Watch Rabbi Sacks’ Shavuot video message, entitled ‘Seasons of Love’, below.
If you look at the Shalosh Regalim, the three pilgrimage festivals, you find something very remarkable, specifically if you look at the megilla that we read on each.
On Pesach we read Shir HaShirim, the song of songs. On Shavuot we read Megilat Ruth, the book of Ruth. And on Sukkot we read Kohelet, the book of Ecclesiastes. And the fascinating thing about those three megilot is that they’re all about love. But they’re about different seasons of love. So Shir HaShirim, the Song of Songs, is about love in the springtime, love when you’re young. The whole book of Shir HaShirim is a duet between two lovers who are obsessed with one another. There’s no mention in the whole book about marriage, children setting up home, responsibilities to the future; all there is is their passion for one another.
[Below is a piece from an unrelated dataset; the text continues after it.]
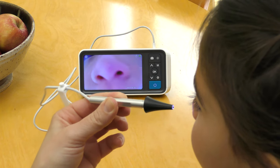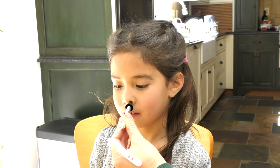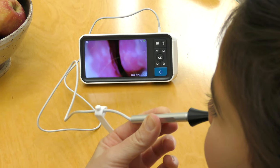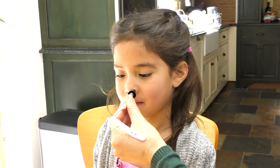When examining the nose, slowly and gently insert the camera tip up against the nasal tip. Slowly adjust the camera angle such that it is perpendicular to the face. As you can see, the septum and nasal turbinus can be easily seen, and a clear nasal passage can also be observed.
Turn to Kohelet, at the other extreme, Kohelet is about the autumn of the year, and it is about the autumn of life. The author of Kohelet is now an old man – Kohelet contains one of the most moving descriptions of old age in all of literature. And he’s looking back and he’s asking what really was worthwhile. And in the end it wasn’t all the houses he built, or the possessions you accumulated. He says, “Re’eh chayim im isha asher ahavta,” “See life with the woman you love.” This is love grown old, grown serene, but it’s still love in the autumn.
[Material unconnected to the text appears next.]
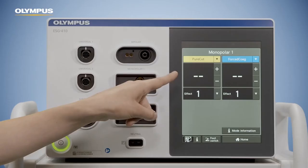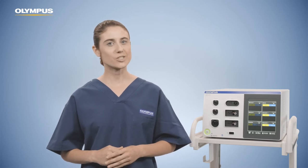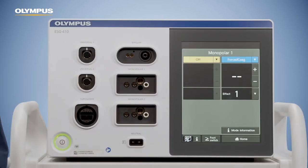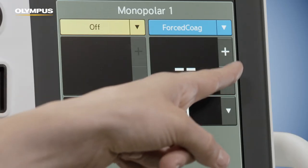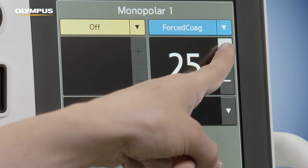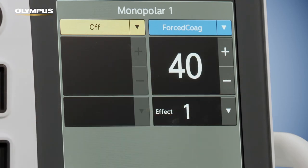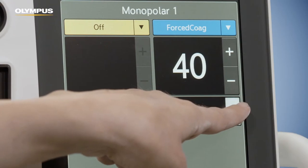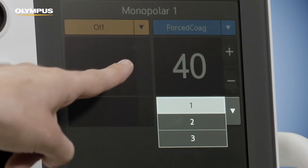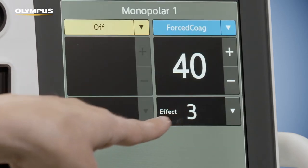You can also switch the mode off completely to avoid unintended activation. For the mode you selected, you need to set power and effect levels. By doing so, you can change the strength of the tissue effect. Please adjust the maximum output power by pressing the plus and minus buttons accordingly. You may also change the effect level. If the tissue effect is not as desired, increasing or decreasing the effect level is the fastest way to improve the tissue effect.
Between the two though, at the threshold of summer, is the story of Ruth. Love as chessed, loving-kindness, love as deed. And it is that chessed that, according to the sages, permeates the book from beginning to end. The chessed that Ruth had to her mother-in-law whom she sees as bereaved and bereft, and returning alone to her people, and she says, no, you can’t go alone. I will not leave you. And then Boaz, moved by this kindness he sees on the part of Ruth, and that moves him to extraordinary kindness of his own, taking her as his wife, caring for Naomi, and making sure that they will have a marriage, which will have children, which in the end, four generations down the line has David haMelech, the greatest of Israel’s kings.
This is love as loyalty. This is love as chessed. When [William] Tyndale in 1535 sat down to write the first full English translation of the Hebrew Bible, he had to coin a new word, loving kindness, to translate that word, chessed, which is the very essence of the book of Ruth. And it is that chessed that epitomises the relationship of Israel and God that happened on Shavuot at Mount Sinai.
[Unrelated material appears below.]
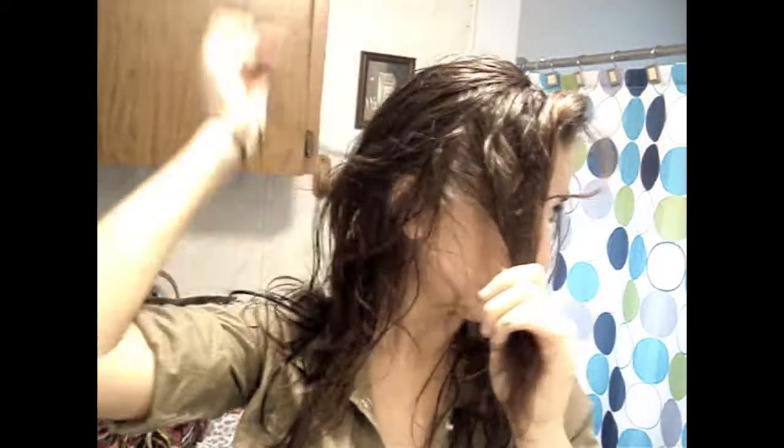I'm gonna take a comb with a rat tail like this to separate off where I want my part to be. It can be as far or as not far over as you want, and as thick or as thin as you want. Just make a line like that, kind of in the direction towards your ear, and it does not have to be perfect — it actually looks better the more imperfect it is.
What happened on that extraordinary moment when God made a covenant with a people was described by the Prophet Hersa as an erusin, “ve’erastich li”, I betrothed you to me forever, I betroth you to me in justice and righteousness and kindness and compassion. I betroth you to me in faith, and you will know the Lord.” That is faith as marriage, love as loyalty, and that is what Shavuot is all about.
In a world where religion is too often associated with extremism, with harshness, with prejudice, and with violence, we would do well to remember that essential message of should epitomised in the book of Ruth, that at the heart of faith is that faithfulness that binds us to one another in the love that is loyalty, and the loyalty that is love. We need more of it today; live it and experience it.